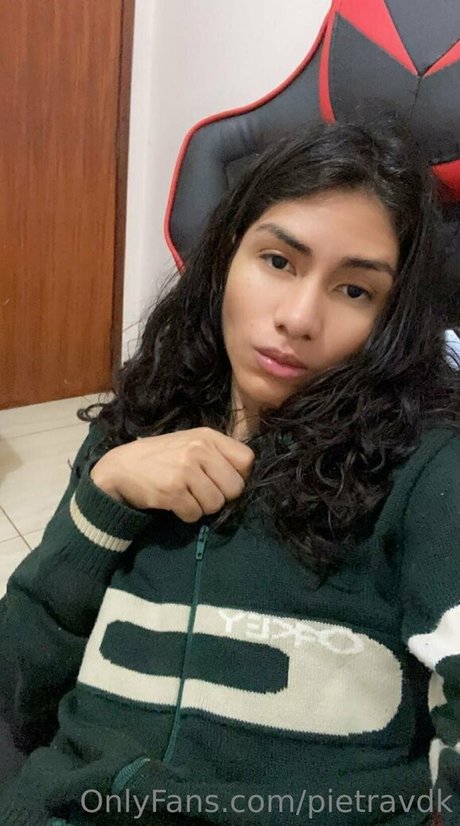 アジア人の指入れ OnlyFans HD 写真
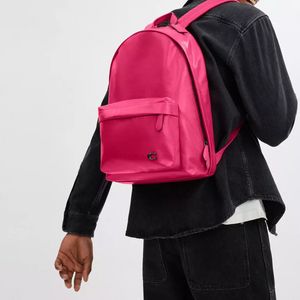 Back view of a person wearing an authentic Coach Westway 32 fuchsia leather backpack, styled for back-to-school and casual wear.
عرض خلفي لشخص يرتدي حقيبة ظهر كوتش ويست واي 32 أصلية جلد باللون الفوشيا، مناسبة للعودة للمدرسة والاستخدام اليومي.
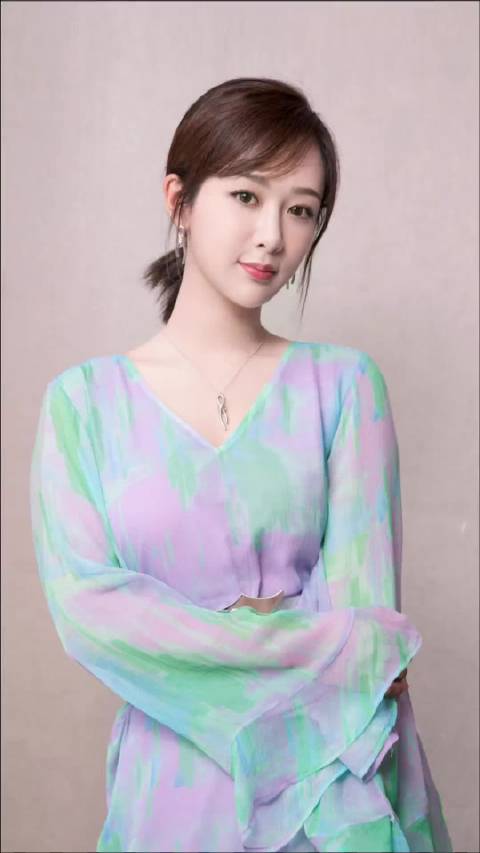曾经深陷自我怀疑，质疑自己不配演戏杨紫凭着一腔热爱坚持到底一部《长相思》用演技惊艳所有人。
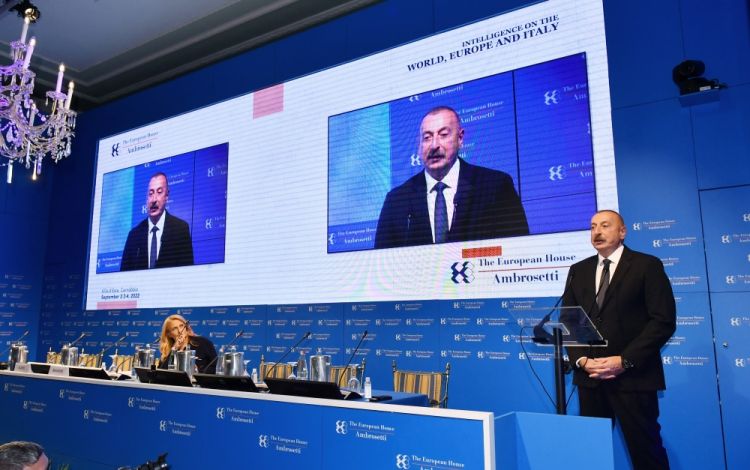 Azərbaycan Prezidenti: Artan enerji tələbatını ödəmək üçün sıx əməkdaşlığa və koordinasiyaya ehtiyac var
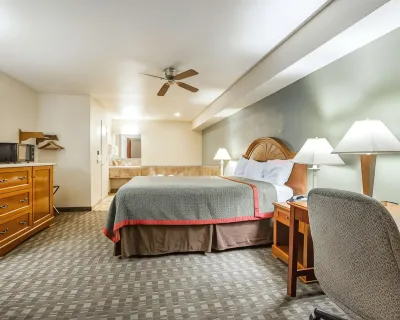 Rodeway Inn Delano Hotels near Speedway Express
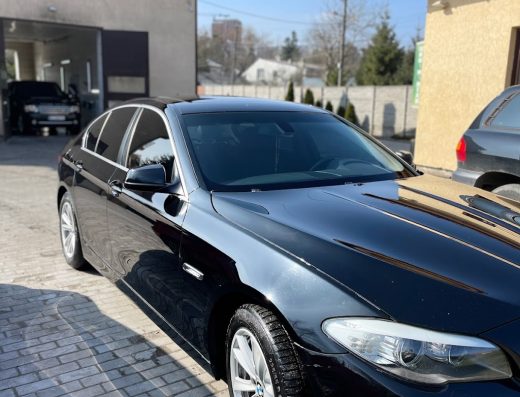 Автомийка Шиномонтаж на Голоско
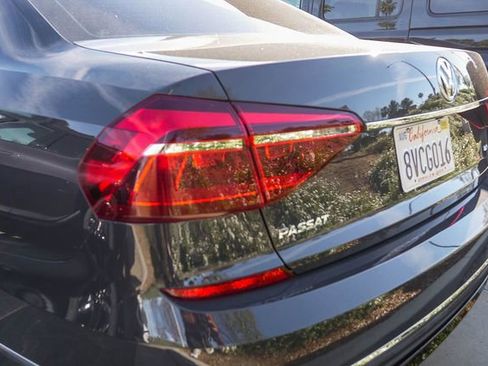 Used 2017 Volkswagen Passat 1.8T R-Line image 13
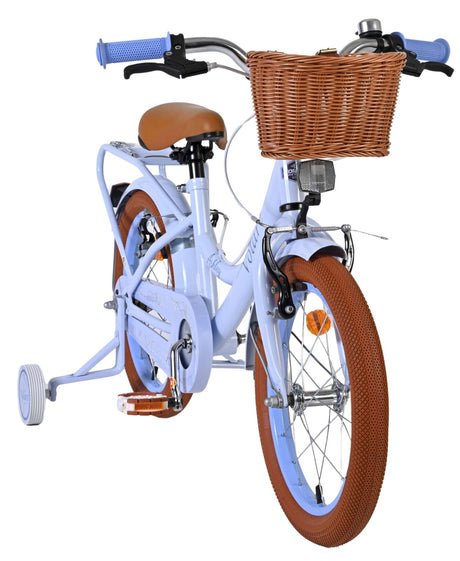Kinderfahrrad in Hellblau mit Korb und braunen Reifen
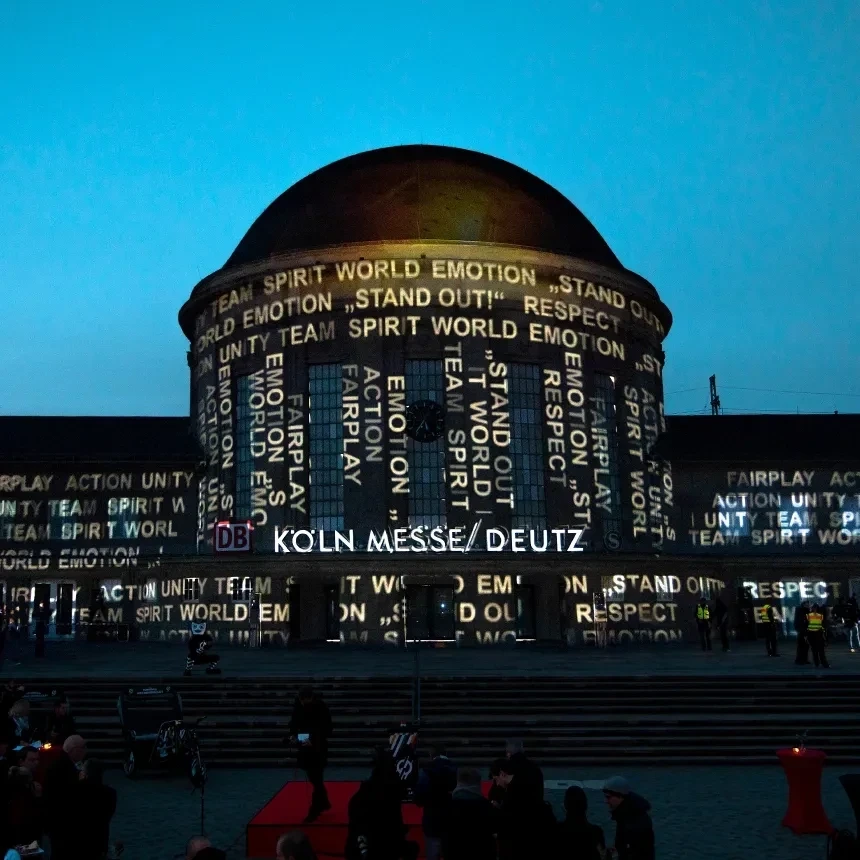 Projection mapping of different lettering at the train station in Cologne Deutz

****

### WHAT YOU SHOULD DO
Exactly the lines from the one with "Used 2017 Volkswagen" to the last line of the listing are wanted, both ends included and pictures excluded.

### EXPECTED ANSWER
 Used 2017 Volkswagen Passat 1.8T R-Line image 13
Kinderfahrrad in Hellblau mit Korb und braunen Reifen
 Projection mapping of different lettering at the train station in Cologne Deutz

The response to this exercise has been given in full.